Reproduce exactly the line with "Plant Manufacturing Front" and the lines after it. Stop at the last line of the data and include nothing else.

++++ Provided entries ++++

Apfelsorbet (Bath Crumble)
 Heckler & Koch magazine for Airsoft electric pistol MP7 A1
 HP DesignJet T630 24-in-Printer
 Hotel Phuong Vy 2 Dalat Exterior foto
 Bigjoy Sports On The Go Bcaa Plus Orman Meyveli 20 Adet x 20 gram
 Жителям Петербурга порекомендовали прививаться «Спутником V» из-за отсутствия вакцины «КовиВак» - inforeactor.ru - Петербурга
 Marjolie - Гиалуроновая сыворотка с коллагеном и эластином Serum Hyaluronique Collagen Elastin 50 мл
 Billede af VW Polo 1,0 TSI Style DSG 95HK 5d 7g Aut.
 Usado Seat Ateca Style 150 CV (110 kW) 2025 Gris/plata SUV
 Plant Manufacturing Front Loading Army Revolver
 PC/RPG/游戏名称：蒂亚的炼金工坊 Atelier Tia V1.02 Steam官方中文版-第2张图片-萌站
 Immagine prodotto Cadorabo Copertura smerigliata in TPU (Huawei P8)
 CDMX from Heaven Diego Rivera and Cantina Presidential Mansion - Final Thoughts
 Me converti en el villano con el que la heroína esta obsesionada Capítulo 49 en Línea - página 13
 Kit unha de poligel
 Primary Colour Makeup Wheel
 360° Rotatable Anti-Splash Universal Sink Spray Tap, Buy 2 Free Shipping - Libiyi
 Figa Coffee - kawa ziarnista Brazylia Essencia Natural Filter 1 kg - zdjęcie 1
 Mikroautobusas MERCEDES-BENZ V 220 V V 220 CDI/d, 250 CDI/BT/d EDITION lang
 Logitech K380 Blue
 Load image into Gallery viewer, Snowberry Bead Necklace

++++

■ Exercise result
 Plant Manufacturing Front Loading Army Revolver
 PC/RPG/游戏名称：蒂亚的炼金工坊 Atelier Tia V1.02 Steam官方中文版-第2张图片-萌站
 Immagine prodotto Cadorabo Copertura smerigliata in TPU (Huawei P8)
 CDMX from Heaven Diego Rivera and Cantina Presidential Mansion - Final Thoughts
 Me converti en el villano con el que la heroína esta obsesionada Capítulo 49 en Línea - página 13
 Kit unha de poligel
 Primary Colour Makeup Wheel
 360° Rotatable Anti-Splash Universal Sink Spray Tap, Buy 2 Free Shipping - Libiyi
 Figa Coffee - kawa ziarnista Brazylia Essencia Natural Filter 1 kg - zdjęcie 1
 Mikroautobusas MERCEDES-BENZ V 220 V V 220 CDI/d, 250 CDI/BT/d EDITION lang
 Logitech K380 Blue
 Load image into Gallery viewer, Snowberry Bead Necklace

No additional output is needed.